Muybridge's Innovation
While today it is easy to observe the photographs by Muybridge and analyze them objectively, it is important to remember the context in which the experiments occurred. For those who question the legitimacy of his moving photos as pornography or simply meaningless, the technology of the time must be kept in mind.
Throughout history the human body has been observed and documented for artistic and scientific purposes. The original pictures and sculptures of human bodies were crude in their design and implementation, but nonetheless marked an important step in artistic and scientific discovery. Da Vinci sketched images of naked men and women, and his physical inquiries are not perceived as pornography, but rather the foundation of modern studies of the anatomy. Thus, I was surprised when Muybridge's work was questioned in class.
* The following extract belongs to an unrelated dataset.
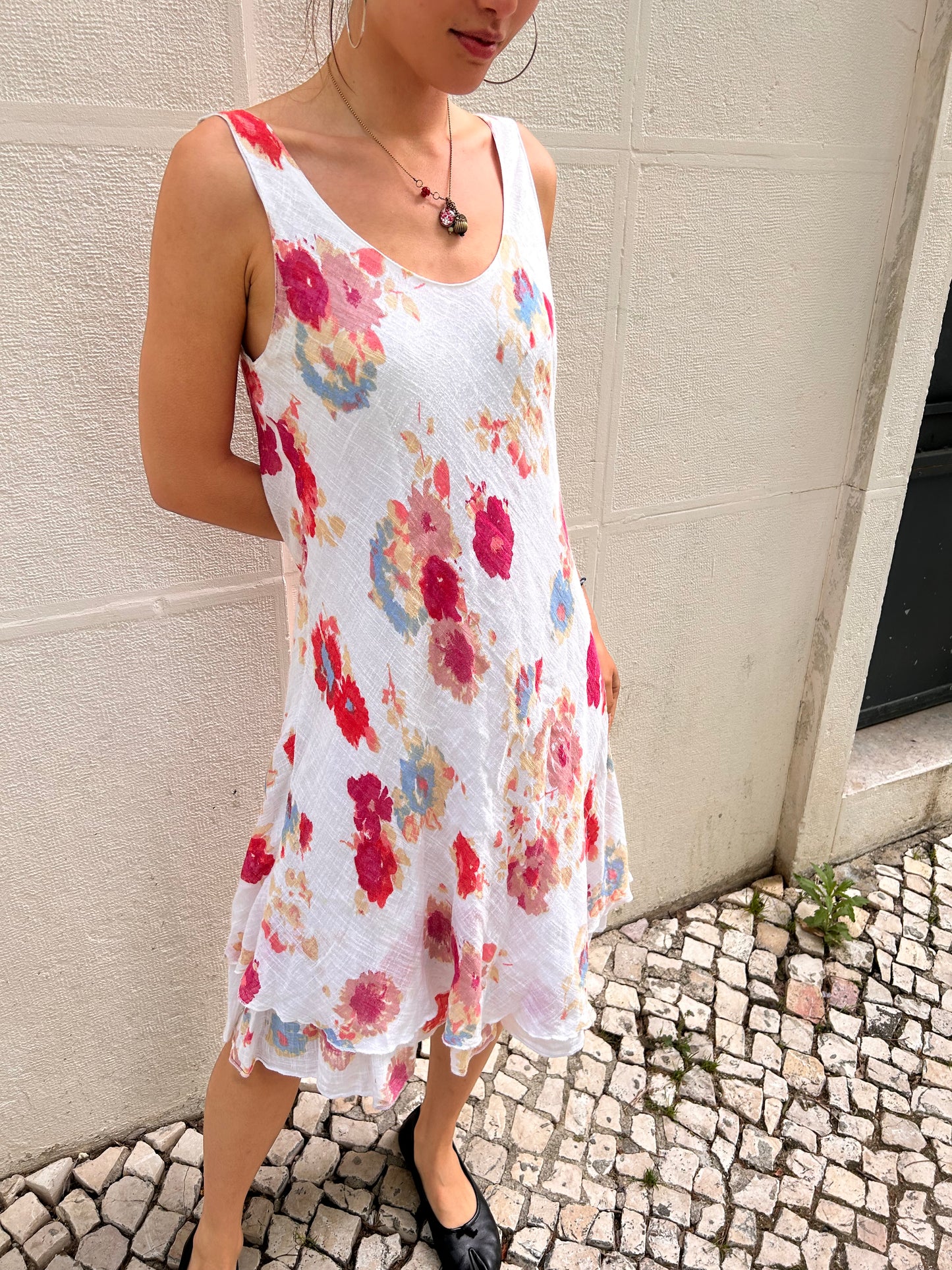 Size S Vintage dress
He was the first person to develop a method for taking photographs in rapid succession. This elementary motion picture was an astonishing innovation in itself. The ability to observe minute movements that had escaped human understanding prior to his machine was in itself the experiment. It is only the natural progress of human art, from sculptures, painting, and murals, to photographs, and finally moving pictures. One should not be astonished to find naked bodies in any mode of art.
Furthermore, it may be that due to the moving nature of the pictures, we expect a higher level of quality from the art. We laugh at the inability of the pictures to be completely instantaneous, sharp, and clear. We dismiss the inability to capture many motions as poor art and a useless experiment. We simply cannot understand the novelty of the zooropraxiscope and the studies of animal locomotion as the society of the late 1800s did.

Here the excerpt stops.